In a 2011 article, Ioana Nan describes the positions articulated by Orwell in "Reflections on Gandhi" as those of "a skeptical Westerner" attentive to the possibility that Gandhi was used by British imperialists for their own gain. Nan compares Orwell's views on Gandhi to those of Aldous Huxley, whose essay Notes on Gandhi was published in 1948. Nonetheless, the two authors did agree, Nan suggests, that Gandhi was more pragmatic and practical, and less idealistic, than was commonly thought.

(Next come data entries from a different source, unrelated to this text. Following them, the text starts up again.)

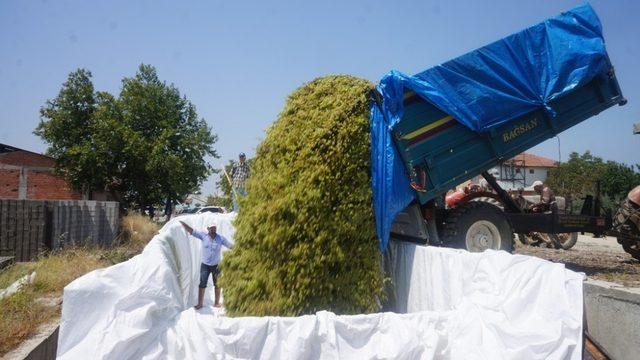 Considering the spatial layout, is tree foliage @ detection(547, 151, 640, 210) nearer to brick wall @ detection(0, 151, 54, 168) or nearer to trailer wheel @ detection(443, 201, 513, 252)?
trailer wheel @ detection(443, 201, 513, 252)

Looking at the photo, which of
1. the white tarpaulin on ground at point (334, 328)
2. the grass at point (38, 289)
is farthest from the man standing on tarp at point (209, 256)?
the white tarpaulin on ground at point (334, 328)

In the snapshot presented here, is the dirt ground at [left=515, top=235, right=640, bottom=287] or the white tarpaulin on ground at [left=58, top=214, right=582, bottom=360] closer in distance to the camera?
the white tarpaulin on ground at [left=58, top=214, right=582, bottom=360]

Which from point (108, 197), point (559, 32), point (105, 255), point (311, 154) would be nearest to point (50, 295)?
point (105, 255)

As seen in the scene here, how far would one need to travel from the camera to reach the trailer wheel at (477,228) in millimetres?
7172

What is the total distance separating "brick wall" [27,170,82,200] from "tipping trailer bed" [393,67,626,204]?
27.5 m

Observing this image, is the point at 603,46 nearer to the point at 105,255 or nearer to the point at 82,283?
the point at 82,283

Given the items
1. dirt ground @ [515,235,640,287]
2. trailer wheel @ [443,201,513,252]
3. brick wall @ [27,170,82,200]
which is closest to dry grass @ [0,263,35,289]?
trailer wheel @ [443,201,513,252]

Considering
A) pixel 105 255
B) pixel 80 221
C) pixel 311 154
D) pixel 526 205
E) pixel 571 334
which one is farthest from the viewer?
pixel 80 221

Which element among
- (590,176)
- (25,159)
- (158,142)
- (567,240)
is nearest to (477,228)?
(567,240)

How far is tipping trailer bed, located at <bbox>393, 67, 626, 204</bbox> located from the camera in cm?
656

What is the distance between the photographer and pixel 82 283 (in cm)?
387

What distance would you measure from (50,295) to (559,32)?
815cm

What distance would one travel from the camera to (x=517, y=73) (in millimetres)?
6957

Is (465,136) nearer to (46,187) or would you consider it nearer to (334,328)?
(334,328) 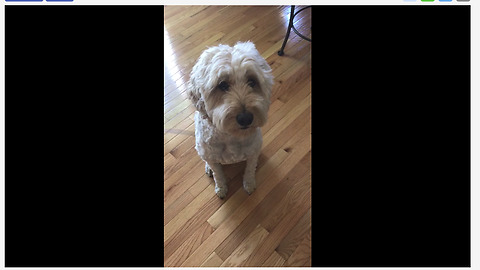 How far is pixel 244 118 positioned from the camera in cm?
131

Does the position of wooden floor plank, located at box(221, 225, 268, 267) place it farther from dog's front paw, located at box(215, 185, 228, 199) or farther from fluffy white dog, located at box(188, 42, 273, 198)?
fluffy white dog, located at box(188, 42, 273, 198)

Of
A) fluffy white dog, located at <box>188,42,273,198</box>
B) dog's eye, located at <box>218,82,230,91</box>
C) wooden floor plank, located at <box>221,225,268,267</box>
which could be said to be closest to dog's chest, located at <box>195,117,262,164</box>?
fluffy white dog, located at <box>188,42,273,198</box>

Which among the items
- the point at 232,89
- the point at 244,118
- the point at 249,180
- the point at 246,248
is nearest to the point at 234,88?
the point at 232,89

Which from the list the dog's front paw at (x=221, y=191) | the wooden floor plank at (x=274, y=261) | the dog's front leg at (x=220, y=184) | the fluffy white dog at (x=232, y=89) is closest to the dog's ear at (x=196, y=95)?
the fluffy white dog at (x=232, y=89)

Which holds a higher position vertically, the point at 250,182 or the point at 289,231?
the point at 250,182

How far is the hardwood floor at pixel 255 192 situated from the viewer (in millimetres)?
1732

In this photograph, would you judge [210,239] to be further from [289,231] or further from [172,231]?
[289,231]

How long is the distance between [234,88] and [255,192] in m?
0.89

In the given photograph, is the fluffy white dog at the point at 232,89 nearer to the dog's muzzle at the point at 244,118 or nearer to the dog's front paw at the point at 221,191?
the dog's muzzle at the point at 244,118

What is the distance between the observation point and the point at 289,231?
1772 mm

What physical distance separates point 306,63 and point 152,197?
2.17 meters

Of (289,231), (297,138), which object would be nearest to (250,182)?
(289,231)

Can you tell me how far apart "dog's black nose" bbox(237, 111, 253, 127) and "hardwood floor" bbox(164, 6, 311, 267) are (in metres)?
0.78

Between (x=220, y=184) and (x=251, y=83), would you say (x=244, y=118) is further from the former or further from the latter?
(x=220, y=184) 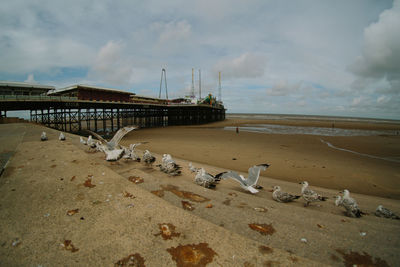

Gita V. Pai argues that in "Reflections on Gandhi" Orwell tempered his earlier hostility to pacifism, a topic on which he had criticised Gandhi in the early 1940s. While Orwell rejected Gandhian pacifism during the Second World War, Pai argues, by 1949 (after India's independence and the atomic bombings of Hiroshima and Nagasaki) he had come to see satyagraha as preferable to western leftists' version of pacifism. Pai suggests that the contradiction between claims for Gandhi's saintliness and the reality of his political shrewdness may be understood in terms of doublethink, a term Orwell coined in Nineteen Eighty-Four to refer to the simultaneous adherence to contrary beliefs.

In Orwell's Roses, Rebecca Solnit argues that "Reflections on Gandhi" recapitulates some of the guiding ideas of Nineteen Eighty-Four, such as a rejection of "inflexible absolutism". Solnit argues that Orwell characterises Gandhi's asceticism as approximate to "ideological fanaticism", but suggests Orwell's interpretation of Gandhi's thought may be inaccurate.